#### THE PROBLEM:
Set out each line from the following listing that includes the word "Bright".

#### RECORDED INFORMATION:

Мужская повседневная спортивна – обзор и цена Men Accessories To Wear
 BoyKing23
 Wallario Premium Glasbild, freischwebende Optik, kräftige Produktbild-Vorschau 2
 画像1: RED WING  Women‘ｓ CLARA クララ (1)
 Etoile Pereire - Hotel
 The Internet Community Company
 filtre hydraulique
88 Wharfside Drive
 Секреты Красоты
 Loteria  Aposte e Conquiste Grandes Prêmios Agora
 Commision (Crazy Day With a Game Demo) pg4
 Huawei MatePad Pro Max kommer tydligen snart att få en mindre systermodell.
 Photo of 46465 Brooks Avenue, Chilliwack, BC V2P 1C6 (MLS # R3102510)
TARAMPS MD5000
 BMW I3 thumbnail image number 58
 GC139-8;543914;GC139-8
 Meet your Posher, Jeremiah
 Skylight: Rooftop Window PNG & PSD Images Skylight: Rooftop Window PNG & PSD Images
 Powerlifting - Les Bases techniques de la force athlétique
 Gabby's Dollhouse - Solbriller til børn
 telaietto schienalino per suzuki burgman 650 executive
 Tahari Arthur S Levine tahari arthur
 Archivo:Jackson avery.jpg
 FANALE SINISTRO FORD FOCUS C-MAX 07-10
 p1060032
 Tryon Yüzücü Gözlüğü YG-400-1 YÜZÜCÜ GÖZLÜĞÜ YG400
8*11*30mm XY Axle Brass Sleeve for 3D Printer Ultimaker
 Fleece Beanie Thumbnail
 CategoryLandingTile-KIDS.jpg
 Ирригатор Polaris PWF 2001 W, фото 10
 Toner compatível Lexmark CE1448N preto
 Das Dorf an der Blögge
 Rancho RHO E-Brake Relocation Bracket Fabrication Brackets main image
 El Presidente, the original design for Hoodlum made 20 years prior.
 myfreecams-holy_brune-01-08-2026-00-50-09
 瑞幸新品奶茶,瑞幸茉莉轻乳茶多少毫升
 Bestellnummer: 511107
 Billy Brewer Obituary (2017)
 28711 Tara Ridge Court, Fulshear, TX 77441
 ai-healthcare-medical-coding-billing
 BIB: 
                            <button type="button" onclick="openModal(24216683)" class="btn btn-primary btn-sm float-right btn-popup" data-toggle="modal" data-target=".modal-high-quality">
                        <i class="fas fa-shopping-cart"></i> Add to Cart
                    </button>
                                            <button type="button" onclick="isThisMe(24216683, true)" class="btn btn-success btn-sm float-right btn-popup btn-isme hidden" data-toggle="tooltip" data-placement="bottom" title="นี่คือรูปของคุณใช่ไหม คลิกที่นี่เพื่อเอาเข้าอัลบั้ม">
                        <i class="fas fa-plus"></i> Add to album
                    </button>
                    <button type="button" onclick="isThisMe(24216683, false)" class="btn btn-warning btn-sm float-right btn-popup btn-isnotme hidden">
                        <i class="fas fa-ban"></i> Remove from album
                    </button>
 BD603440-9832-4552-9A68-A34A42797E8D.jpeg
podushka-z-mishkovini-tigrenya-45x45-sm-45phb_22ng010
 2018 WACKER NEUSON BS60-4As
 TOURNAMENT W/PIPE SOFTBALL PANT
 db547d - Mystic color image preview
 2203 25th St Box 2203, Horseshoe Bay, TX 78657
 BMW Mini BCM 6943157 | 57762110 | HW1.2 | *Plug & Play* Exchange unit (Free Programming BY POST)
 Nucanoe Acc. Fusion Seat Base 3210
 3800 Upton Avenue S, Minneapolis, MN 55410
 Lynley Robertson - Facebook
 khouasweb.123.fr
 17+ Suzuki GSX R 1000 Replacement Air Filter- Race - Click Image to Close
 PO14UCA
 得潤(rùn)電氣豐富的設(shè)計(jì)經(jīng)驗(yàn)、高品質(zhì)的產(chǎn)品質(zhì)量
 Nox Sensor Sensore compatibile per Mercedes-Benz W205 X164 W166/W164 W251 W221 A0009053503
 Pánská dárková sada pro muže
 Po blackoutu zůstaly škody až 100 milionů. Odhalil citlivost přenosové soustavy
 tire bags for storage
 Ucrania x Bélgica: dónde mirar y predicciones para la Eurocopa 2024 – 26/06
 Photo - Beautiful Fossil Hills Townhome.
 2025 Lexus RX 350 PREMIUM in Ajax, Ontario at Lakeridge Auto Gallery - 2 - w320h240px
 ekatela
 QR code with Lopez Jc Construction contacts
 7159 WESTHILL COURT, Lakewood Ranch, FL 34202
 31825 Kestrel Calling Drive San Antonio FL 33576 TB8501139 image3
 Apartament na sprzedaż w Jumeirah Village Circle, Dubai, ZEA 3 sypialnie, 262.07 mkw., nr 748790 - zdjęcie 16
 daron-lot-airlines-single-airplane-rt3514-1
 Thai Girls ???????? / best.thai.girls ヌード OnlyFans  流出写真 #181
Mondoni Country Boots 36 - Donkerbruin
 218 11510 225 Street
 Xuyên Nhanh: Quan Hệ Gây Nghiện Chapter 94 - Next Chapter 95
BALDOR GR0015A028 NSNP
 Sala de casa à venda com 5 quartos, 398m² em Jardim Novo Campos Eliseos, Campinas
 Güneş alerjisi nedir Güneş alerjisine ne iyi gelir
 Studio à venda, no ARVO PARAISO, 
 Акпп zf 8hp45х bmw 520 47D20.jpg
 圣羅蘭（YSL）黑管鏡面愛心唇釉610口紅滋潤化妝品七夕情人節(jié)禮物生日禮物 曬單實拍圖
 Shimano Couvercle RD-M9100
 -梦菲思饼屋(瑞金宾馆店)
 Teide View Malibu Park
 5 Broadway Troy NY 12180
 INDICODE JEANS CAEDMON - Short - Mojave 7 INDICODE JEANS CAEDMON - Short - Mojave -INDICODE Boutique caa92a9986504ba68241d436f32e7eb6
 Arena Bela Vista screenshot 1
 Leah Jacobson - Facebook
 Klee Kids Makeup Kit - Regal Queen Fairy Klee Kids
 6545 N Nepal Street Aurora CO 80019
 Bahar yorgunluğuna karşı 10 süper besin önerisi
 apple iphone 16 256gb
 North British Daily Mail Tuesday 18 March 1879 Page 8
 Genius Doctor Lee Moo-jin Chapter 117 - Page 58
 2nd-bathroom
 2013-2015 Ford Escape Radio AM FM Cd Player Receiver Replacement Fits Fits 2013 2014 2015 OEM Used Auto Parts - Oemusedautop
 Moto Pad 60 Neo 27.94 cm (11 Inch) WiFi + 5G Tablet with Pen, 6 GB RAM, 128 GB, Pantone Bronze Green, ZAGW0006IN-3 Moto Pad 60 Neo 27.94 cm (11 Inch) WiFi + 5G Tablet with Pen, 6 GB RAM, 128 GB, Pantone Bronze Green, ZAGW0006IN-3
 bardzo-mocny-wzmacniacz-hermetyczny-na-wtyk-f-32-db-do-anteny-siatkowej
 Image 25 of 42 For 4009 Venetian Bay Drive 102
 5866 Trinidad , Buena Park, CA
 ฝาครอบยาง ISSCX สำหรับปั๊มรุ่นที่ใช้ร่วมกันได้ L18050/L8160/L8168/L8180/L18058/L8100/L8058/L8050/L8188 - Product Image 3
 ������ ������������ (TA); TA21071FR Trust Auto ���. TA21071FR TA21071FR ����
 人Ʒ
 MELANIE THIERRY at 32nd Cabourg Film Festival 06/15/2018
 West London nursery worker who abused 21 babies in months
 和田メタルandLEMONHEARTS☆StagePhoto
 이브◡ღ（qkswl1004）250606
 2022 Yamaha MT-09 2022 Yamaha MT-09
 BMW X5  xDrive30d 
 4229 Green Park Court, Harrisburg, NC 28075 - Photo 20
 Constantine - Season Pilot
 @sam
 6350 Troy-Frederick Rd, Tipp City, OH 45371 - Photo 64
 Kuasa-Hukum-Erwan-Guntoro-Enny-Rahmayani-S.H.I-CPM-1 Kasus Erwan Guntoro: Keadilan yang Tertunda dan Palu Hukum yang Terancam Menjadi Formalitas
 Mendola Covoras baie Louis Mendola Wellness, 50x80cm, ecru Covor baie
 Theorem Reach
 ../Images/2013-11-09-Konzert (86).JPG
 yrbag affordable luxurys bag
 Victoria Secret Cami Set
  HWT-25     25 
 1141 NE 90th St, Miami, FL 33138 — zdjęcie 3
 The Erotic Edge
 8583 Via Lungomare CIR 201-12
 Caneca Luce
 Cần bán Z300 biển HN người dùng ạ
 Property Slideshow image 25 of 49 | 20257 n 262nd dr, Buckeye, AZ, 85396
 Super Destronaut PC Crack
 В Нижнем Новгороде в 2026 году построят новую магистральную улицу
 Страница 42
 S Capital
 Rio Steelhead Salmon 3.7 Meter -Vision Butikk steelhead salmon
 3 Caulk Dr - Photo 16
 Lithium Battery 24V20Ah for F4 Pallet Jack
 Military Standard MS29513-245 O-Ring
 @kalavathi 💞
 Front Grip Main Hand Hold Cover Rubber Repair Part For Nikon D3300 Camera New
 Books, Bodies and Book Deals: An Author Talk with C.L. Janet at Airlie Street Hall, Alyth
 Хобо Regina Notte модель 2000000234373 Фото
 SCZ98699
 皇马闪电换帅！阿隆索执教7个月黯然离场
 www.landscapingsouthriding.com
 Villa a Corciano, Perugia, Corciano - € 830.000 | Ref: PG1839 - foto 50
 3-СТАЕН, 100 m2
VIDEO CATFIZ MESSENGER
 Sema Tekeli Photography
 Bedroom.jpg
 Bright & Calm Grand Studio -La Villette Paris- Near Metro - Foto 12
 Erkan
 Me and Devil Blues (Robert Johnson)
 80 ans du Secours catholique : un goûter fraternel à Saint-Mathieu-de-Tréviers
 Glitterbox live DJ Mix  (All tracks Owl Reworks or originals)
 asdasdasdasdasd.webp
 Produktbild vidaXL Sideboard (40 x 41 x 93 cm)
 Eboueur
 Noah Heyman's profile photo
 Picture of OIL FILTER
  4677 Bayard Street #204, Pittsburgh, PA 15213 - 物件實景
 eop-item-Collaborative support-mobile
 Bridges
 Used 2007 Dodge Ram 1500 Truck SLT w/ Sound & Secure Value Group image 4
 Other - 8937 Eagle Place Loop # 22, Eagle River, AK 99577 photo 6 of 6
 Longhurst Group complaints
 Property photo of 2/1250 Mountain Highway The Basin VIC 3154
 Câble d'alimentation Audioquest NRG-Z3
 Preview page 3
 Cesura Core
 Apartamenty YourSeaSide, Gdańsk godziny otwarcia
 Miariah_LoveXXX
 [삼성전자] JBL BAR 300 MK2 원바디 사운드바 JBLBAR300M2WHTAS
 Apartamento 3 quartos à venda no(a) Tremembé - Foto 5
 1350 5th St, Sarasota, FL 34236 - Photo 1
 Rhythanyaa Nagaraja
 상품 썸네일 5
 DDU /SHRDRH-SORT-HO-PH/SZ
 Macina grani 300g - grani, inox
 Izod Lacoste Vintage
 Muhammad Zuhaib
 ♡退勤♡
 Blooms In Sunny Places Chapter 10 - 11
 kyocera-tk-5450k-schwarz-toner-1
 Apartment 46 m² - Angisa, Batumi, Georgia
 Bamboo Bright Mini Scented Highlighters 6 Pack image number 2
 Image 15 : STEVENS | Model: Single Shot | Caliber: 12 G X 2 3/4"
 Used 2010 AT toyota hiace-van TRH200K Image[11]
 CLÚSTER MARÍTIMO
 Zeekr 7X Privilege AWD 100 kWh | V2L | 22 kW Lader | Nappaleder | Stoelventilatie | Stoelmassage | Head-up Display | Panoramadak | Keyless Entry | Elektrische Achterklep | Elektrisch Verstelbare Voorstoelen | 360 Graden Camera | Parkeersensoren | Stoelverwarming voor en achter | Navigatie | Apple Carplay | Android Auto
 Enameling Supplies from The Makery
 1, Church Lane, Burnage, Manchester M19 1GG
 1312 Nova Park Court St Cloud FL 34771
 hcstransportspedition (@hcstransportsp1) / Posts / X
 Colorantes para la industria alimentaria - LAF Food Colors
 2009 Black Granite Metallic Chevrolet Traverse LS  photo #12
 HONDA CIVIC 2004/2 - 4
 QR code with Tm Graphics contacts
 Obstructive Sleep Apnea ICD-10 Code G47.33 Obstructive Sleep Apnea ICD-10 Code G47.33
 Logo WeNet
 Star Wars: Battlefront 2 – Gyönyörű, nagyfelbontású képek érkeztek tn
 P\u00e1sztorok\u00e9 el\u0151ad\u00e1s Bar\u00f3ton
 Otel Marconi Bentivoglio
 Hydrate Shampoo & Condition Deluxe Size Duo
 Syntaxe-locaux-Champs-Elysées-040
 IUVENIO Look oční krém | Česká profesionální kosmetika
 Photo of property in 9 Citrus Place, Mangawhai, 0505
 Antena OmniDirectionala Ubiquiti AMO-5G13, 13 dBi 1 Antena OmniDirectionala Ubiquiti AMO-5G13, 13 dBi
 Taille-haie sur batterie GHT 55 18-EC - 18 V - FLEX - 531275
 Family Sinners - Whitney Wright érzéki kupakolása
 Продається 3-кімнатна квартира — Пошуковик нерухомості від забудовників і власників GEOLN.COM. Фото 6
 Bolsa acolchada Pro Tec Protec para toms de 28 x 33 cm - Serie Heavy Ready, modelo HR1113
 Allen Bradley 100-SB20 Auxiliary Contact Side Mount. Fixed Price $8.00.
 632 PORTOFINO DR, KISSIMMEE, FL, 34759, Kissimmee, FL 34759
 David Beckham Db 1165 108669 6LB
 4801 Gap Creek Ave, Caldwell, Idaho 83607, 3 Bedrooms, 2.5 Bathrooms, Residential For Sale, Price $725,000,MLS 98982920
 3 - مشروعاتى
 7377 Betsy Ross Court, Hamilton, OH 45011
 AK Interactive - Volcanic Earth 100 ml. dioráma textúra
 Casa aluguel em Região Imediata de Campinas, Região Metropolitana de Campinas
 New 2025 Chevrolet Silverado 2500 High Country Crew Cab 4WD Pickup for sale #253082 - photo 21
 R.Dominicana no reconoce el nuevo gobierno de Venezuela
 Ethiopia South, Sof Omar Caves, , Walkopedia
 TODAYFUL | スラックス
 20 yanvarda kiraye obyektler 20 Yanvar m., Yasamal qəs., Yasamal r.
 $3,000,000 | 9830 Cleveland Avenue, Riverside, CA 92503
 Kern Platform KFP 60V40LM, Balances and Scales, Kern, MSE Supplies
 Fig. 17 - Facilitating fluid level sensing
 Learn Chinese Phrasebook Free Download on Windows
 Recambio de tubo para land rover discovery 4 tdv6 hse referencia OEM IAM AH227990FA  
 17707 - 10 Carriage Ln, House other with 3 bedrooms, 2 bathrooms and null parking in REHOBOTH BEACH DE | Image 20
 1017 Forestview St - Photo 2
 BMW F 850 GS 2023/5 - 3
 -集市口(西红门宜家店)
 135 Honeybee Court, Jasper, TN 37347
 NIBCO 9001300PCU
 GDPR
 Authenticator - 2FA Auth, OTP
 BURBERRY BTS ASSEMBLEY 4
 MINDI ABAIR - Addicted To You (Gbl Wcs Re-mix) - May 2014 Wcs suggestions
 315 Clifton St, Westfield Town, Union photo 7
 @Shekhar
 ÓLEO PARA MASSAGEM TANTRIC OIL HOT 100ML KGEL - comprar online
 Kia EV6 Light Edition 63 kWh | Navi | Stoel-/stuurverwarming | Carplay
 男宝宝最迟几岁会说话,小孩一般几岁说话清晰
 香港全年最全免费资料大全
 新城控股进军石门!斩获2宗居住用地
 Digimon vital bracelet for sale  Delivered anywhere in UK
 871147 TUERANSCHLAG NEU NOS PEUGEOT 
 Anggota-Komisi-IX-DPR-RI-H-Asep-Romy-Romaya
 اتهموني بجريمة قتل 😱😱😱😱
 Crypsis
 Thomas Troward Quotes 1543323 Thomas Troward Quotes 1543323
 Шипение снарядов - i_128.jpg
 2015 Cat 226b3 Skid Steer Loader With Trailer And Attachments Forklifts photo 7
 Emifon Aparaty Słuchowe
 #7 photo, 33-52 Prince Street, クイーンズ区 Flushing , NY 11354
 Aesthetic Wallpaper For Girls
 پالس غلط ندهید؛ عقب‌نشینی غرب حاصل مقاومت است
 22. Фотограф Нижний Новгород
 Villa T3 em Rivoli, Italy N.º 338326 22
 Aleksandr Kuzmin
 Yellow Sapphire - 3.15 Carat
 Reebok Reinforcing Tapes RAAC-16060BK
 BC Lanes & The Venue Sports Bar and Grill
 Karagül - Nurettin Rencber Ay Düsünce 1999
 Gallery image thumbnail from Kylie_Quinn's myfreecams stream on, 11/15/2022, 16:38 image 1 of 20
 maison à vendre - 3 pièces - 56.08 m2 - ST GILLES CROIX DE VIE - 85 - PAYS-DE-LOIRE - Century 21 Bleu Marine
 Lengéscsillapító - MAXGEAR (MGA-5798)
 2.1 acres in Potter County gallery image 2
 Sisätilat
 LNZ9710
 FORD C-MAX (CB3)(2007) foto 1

#### RESPONSE TO THIS TASK:
 Bright & Calm Grand Studio -La Villette Paris- Near Metro - Foto 12
 Bamboo Bright Mini Scented Highlighters 6 Pack image number 2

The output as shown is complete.